Ainsi, il est important d’aborder le thème du gaspillage alimentaire, qui se produit tout au long de la chaîne de création de valeur et d’alimentation. En Suisse, environ un tiers des denrées alimentaires produites sont perdues ou gaspillées quelque part entre le champ et l’assiette. Tous les acteurs, de la production à la consommation en passant par l’industrie, le commerce de détail et la restauration, doivent contribuer à limiter le gaspillage de nos précieuses ressources alimentairesS22.

Émissions et importations : la perspective globale de la consommation

Au niveau mondial, la production de denrées alimentaires contribue à hauteur d’environ 25 % aux émissions de GESS09. Les principales causes sont la déforestation pour obtenir des terres cultivables ainsi que les émissions liées à l’élevage. Par ailleurs, la culture du riz rejette 10 % des GES totaux émis par production agricole, principalement sous forme de méthaneS10. En Suisse, la situation est un peu différente : la culture du riz est quasiment inexistante, tout comme la déforestation pour la production alimentaire. C’est pourquoi, chez nous, la plus grande part des émissions de GES de l’agriculture provient de l’élevage.

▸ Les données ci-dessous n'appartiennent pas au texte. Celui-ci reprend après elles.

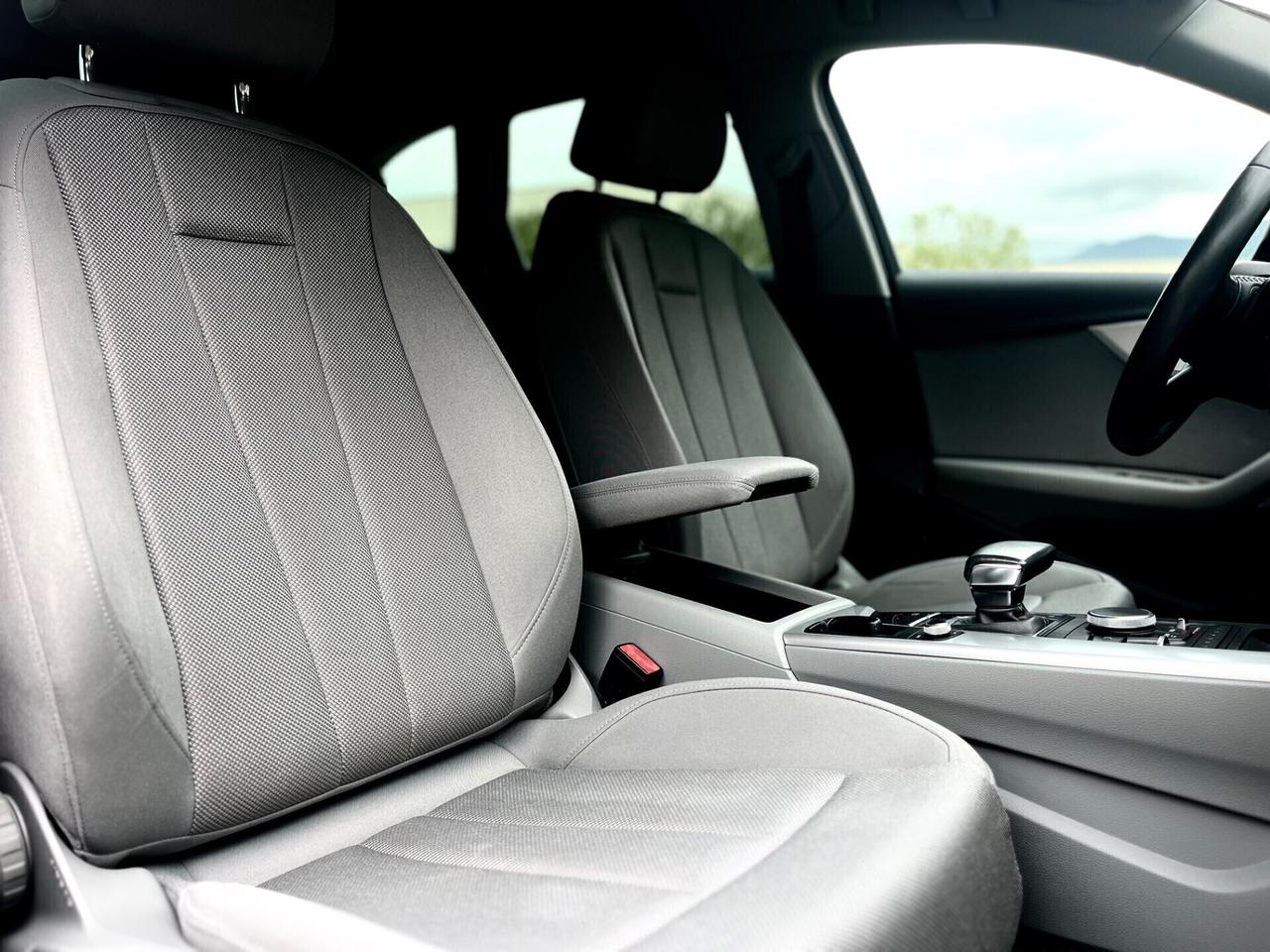 Audi A4 Avant 2.0 TDI S tronic PERFETTA IN TUTTO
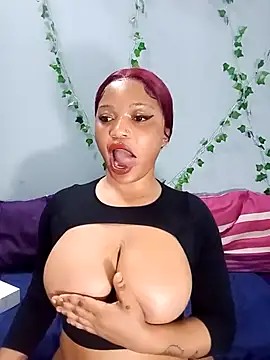 Sugartonguexx online show from 03.08.25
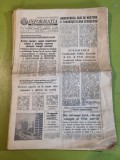 Informatia bucurestiului 8 ianuarie 1983-ziua de nastere a elenei ceausescu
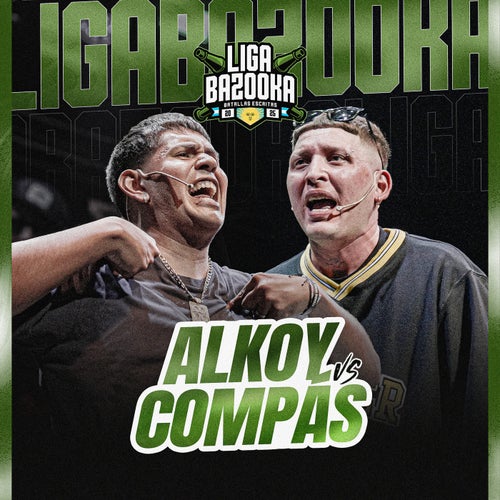 ALKOY vs COMPÁS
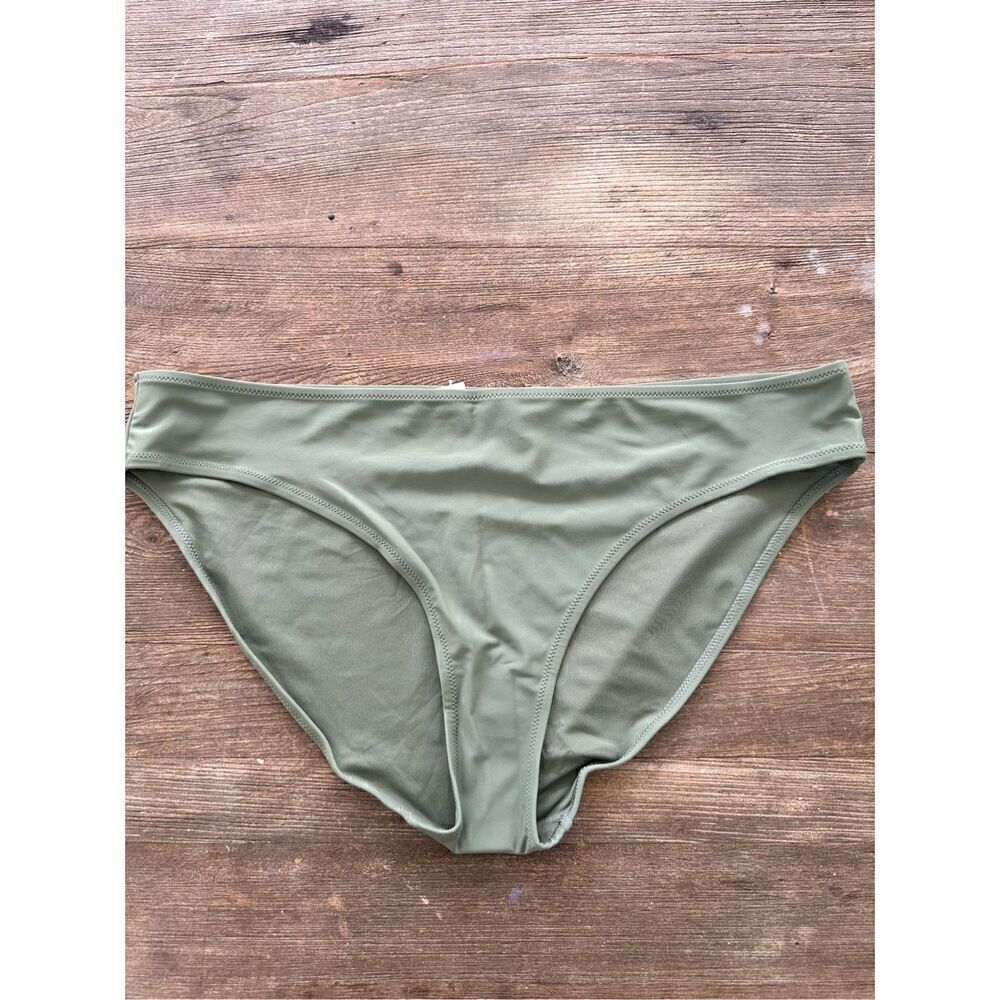NTW- Aerie bikini bottom
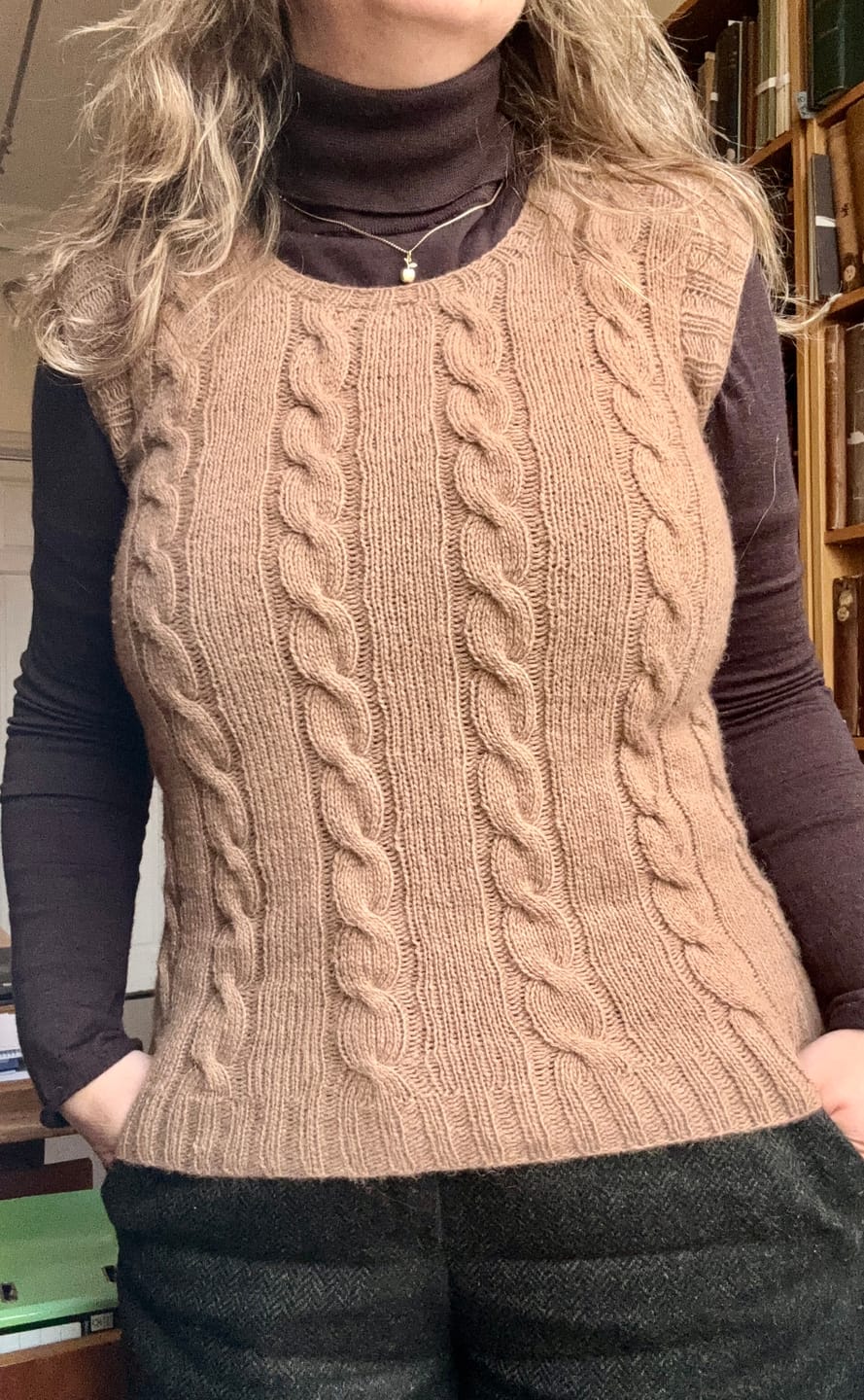 Customer photo review of CAMMELLO CLASSIC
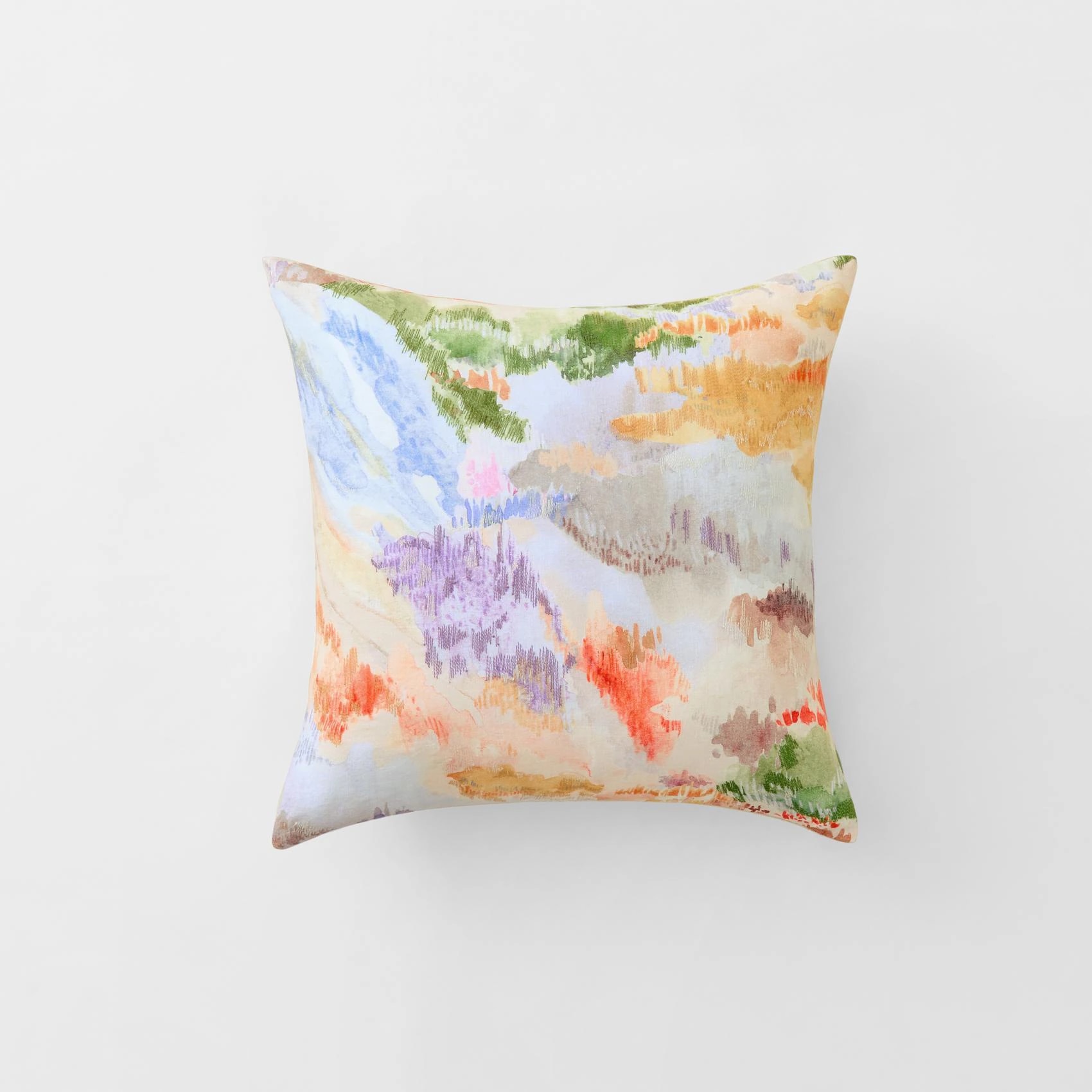 Behn Square Cushion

Même si l’inventaire des GES en Suisse ne prend en compte que les émissions indigènes, il vaut la peine d’examiner de près la consommation alimentaire, c’est-à-dire la part de la production indigène et les importations qui couvrent la différence. La figure montre que la production indigène a légèrement augmenté depuis 1990, mais que la consommation alimentaire et, par conséquent, les importations, ont augmenté davantage. Dans l’ensemble, il est réjouissant de constater que les émissions diminuent pour la même quantité produite en Suisse (en TJ). Néanmoins, dans le contexte de l’augmentation des importations, les émissions sont tout simplement déplacées à l’étranger.